C. Jonard, J.-B. Nicolas Published in the journal : September 2015 Category : General Internal Medicine

Many conditions may cause painful edema of one or more extremities. Eosinophilic fasciitis (EF), also called Shulman syndrome, is an uncommon one, evolving into sclerodermoid cutaneous infiltration, associated with peripheral blood eosinophilia. EF is a fibrotic disease of muscle fascia and skin, whose etiology remains unclear. Several pathophysiological mechanisms have nevertheless been proposed, the major component being an imbalance between extracellular matrix production and degradation. Visceral involvement is uncommon. EF may be associated with blood disorders, which determine its prognosis.
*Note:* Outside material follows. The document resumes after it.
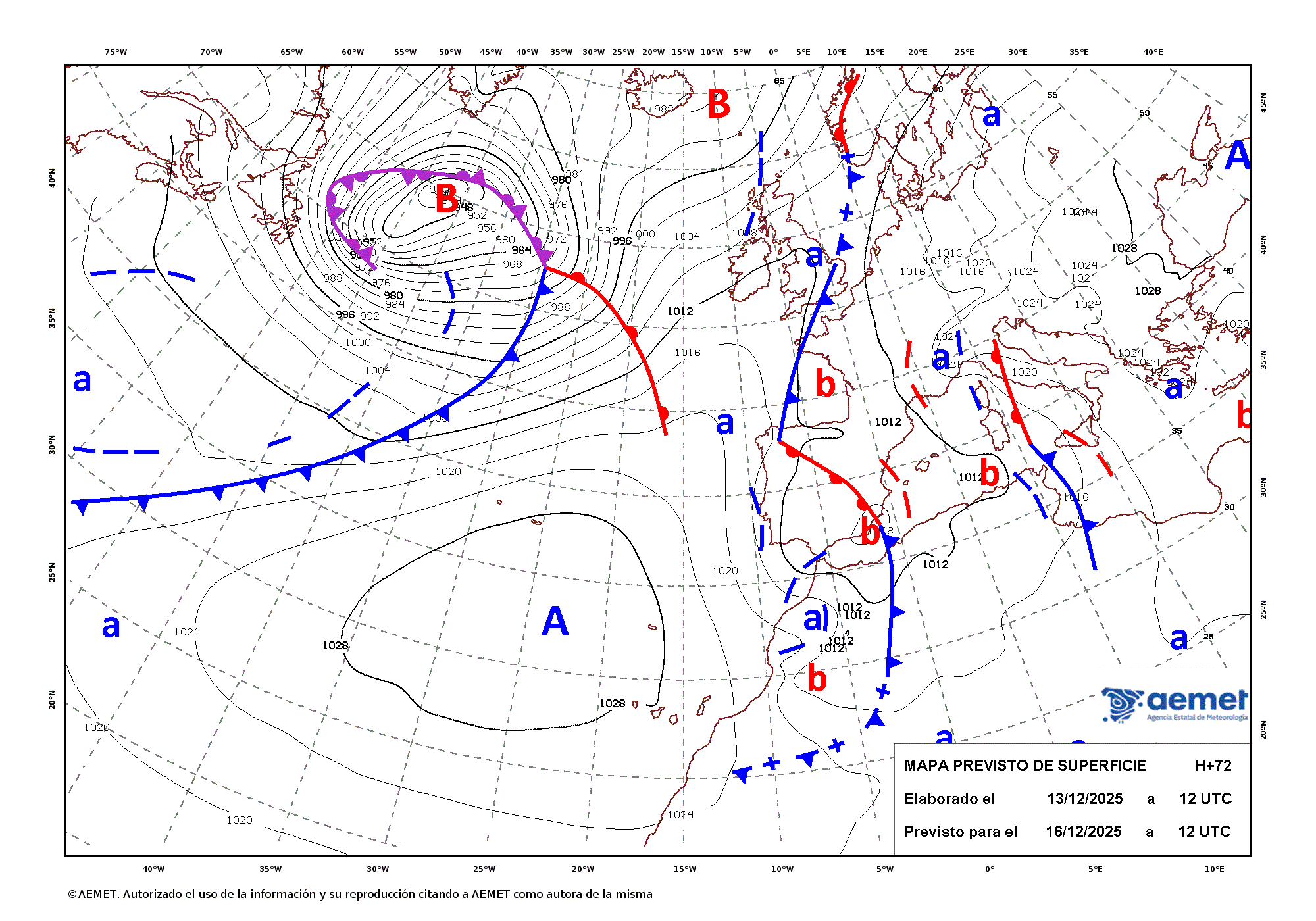 Imagenes del mapa de frentes martes, 16 decembro  2025 13:00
The diagnosis is confirmed by elliptical full-thickness incisional biopsy of skin and subcutaneous tissues down to the muscle surface. EF is most likely underdiagnosed due to its rarity and its similarities with other conditions, such as systemic sclerosis. The typical first-line treatment is systemic corticosteroid therapy tapered over several months. Cortico-resistant and severe-onset forms require adding another immunomodulatory agent. In this case report, we describe a typical presentation of EF, highlighting the diagnostic difficulties posed by this uncommon pathology. Based on a literature review, we also recall its underlying pathophysiological mechanisms, along with the diagnostic and therapeutic steps.